Yet Another Gun Farce
I haven't attended an actual theatrical farce since the late 1980s, when I went to see Joe Orton's "What the Butler Saw," accompanied by a woman with whom I was hopelessly infatuated. My strongest memories of that evening – in the darkness of a tiny theater somewhere on Charles Street in Boston (need to check the facts on that) – are less about the comedy itself than the revelation that we humans spew an incredible amount of saliva when we talk.
The director of this production had backlit the stage, such that every time the actors yelled – especially the balding guy playing the central character of Dr. Prentiss – the audience saw impossibly huge clouds of salivary droplets spewing into the air. It was both comical and disgusting and went on for a couple of hours. At times it was hard to follow the play because I was so awestruck by the bursts of goo coming out of the actors' mouths. It didn't exactly provide the romantic atmosphere I was hoping for that evening.
One day, when I was in grade school – call it fifth grade – a teacher angrily hollered at us for treating English class as a farce, which made me laugh because, as a French Canadian, I had many times eaten a meat stuffing called "farce." Then she yelled "Patrick McVay wipe that smirk off your face now!" I might not remember many of the world's thorniest crises of that era, but I remember her saying "farce" and me laughing about it.
Calling our behavior a farce was, to be honest, inaccurate. It was more of a circus. Farces, to my mind, have a pattern to them. Several doors as well. There was only one door in my fifth-grade English class, and our unruly behavior had no discernable pattern.
I've never written a farce, but I did once claim, in these very pages, that I was going to write one called "Gun Farce." I'm guessing that I posted that blog entry shortly after a mass shooting occurred. I won't even bother to check what mass shooting might have happened around January 13, 2013, because, let's face it, they happen just about every day in these increasingly disunited states.

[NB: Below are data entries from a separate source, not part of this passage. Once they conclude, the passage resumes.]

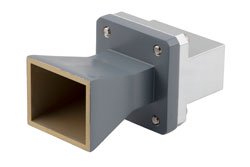 PEWAN075-10ELSF - WR-75 Standard Gain Horn with 10 dBi gain, End Launch SMA Female connector
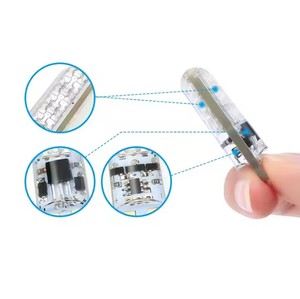 LANSEKO renkli T10 194 Remote RGB uzaktan kumanda ile LED ampuller 12V yanıp sönen ve renk değişimi fonksiyonu için araba Dome harita işıklar - Product Image 5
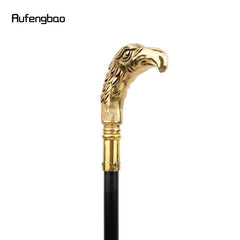 Golden Long Head Eagle Walking Stick Cosplay Cane Knob Crosier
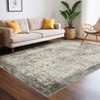 Washable Modern Abstract Living Room Rugs, Soft Non Slip Low Pile Carpet for Dining Room Bedroom - 2 of 4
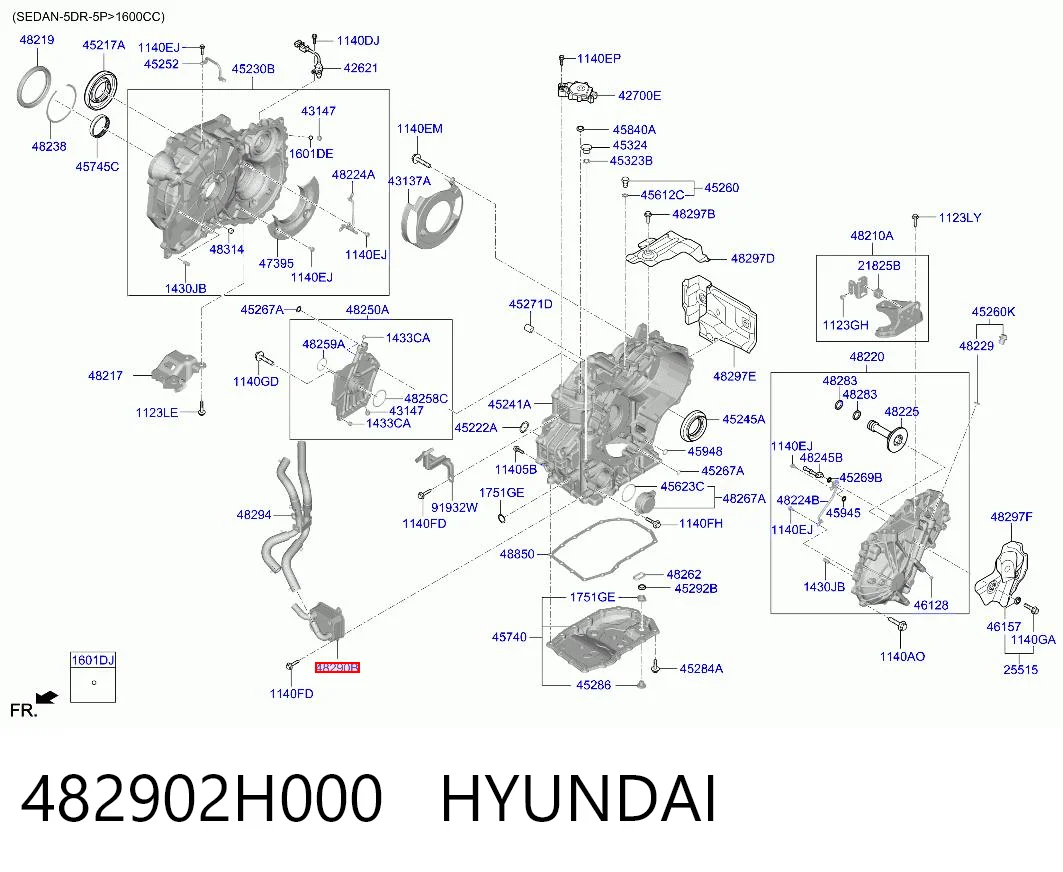 482902H000 Hyundai/Kia 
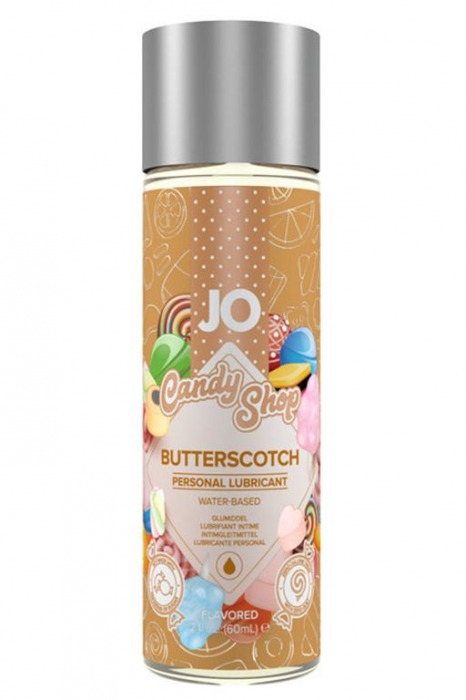 Смазка на водной основе Candy Shop Butterscotch с ароматом ирисок - 60 мл. - System JO - купить с доставкой в Реутове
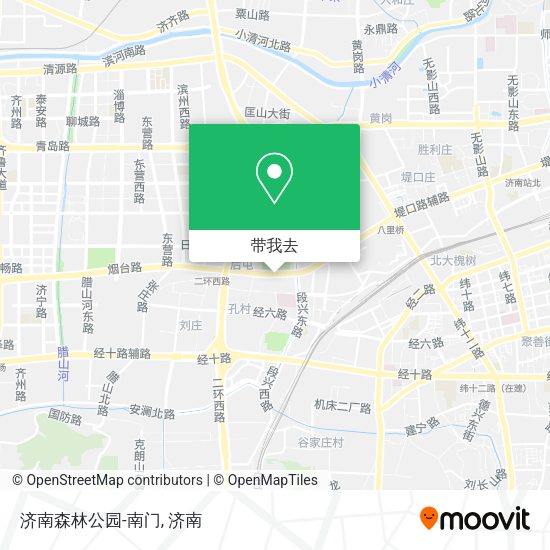 济南森林公园-南门地图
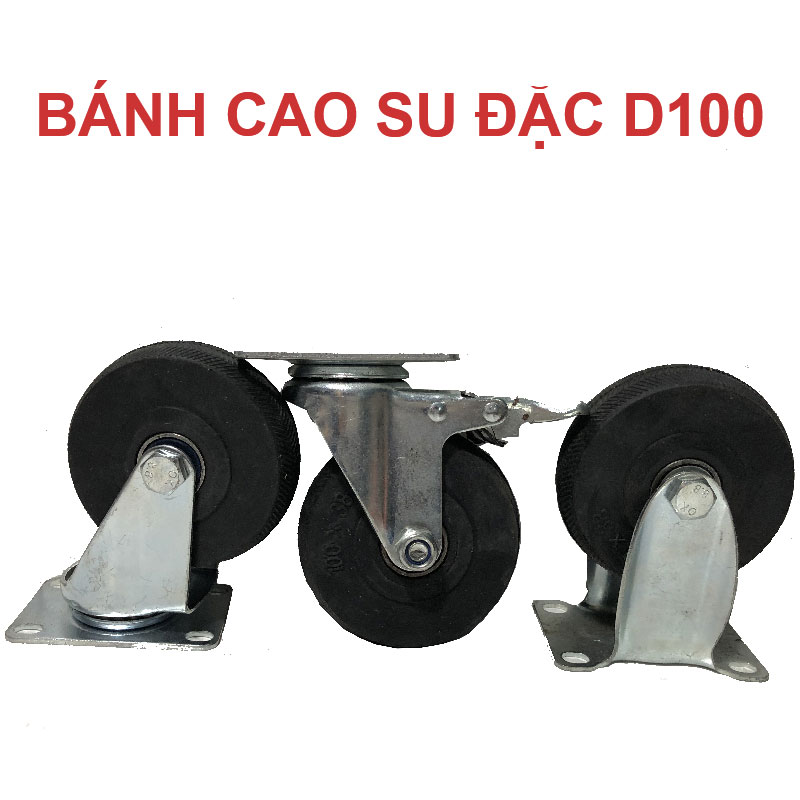 Bánh xe cao su đặc D100
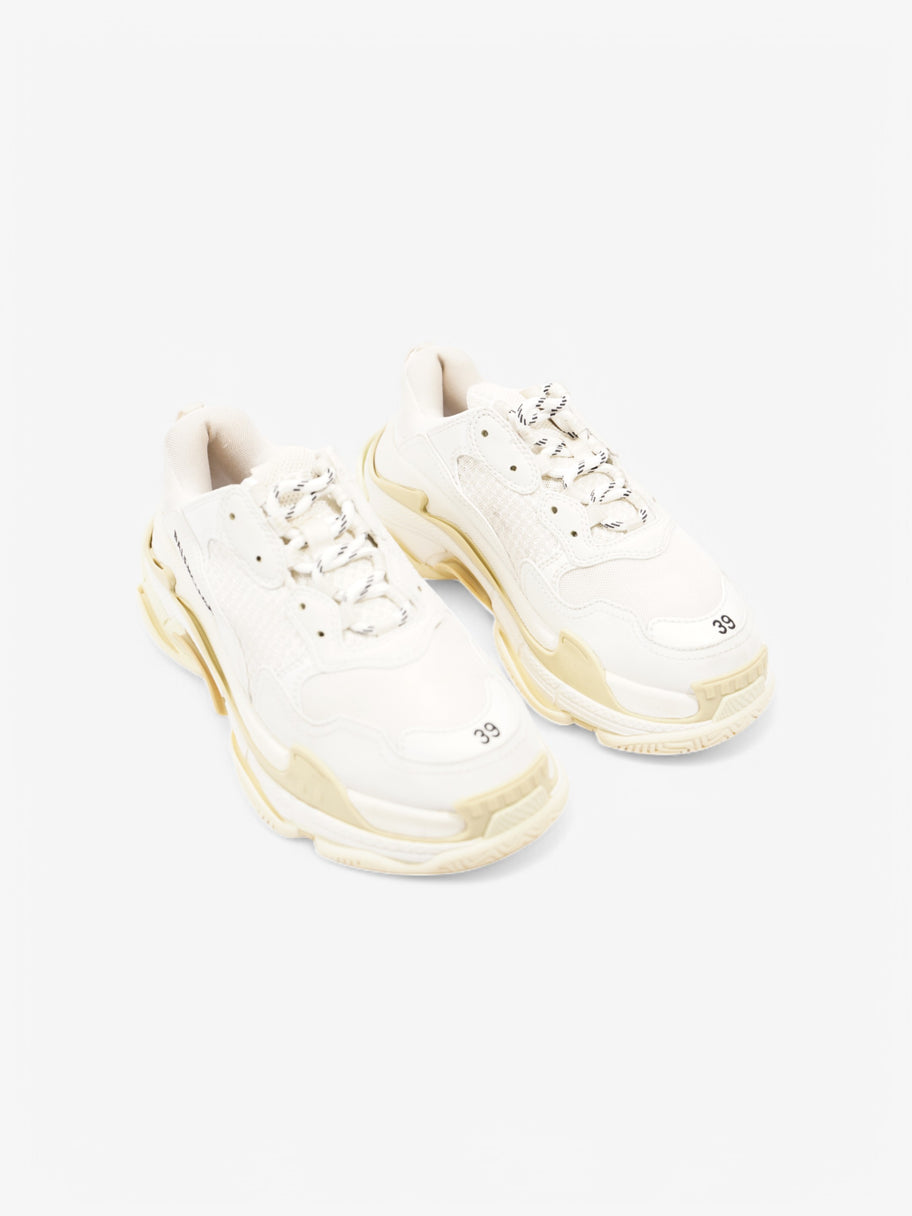 Balenciaga Triple S White  / Black Mesh EU 39 UK 6 Image 2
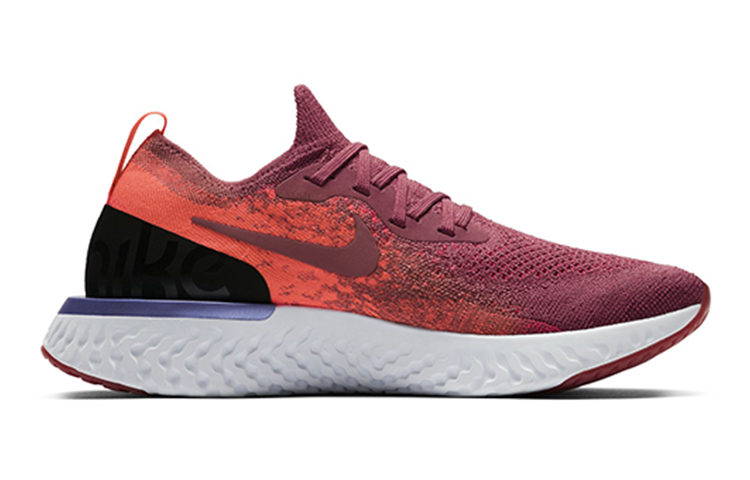 Женские кроссовки Nike Epic React Flyknit 2 (красный / белый) — фото 2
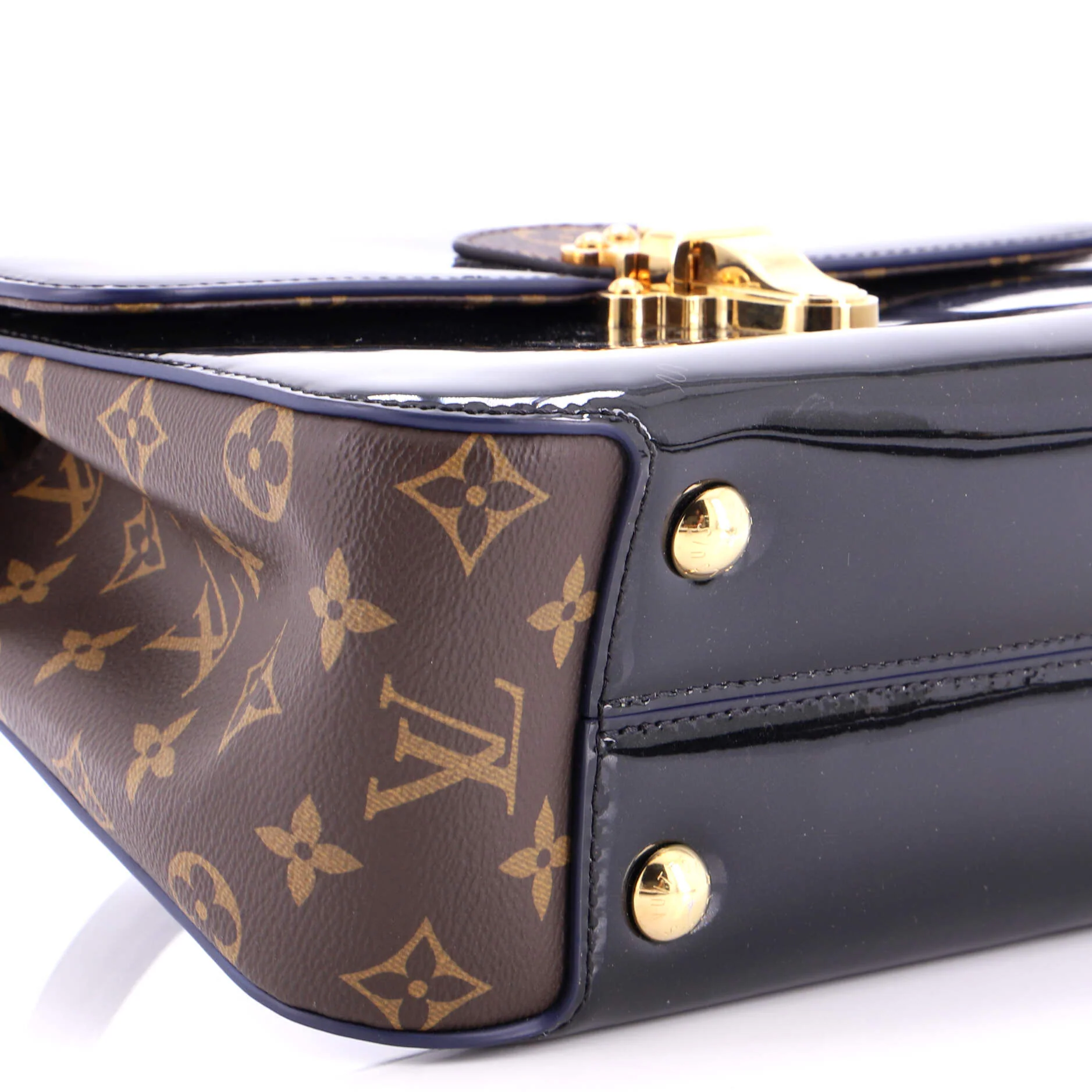 Cherrywood Handbag Vernis with Monogram Canvas PM - Image 6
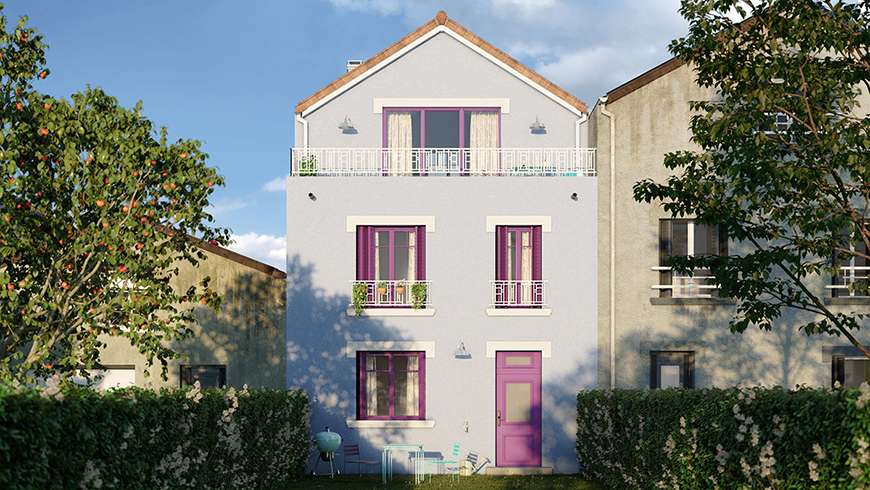 Une surélévation de maison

Sometimes, I feel that penning a play around the general contours of my Gun Farce blog entry would be worth the effort, if nothing else to assuage the guilt I feel for doing otherwise little to combat the conditions that enable teenagers to waltz into gun shops and purchase semi-automatic rifles without a license and use them to murder children in their classrooms en masse. However, I don't think it would end up being terribly funny. It's hard to lighten the mood when a minority of Americans are arming themselves to the hilt. It feels eerily like preparation for war, except the enemy is, apparently, young people in school.
Maybe what I'll do instead is write a farce about the US Senate. After all, the Capitol has lots of doors, the principal characters are mad, and there is a decades-long pattern of defending the purchase and sale of guns at any cost.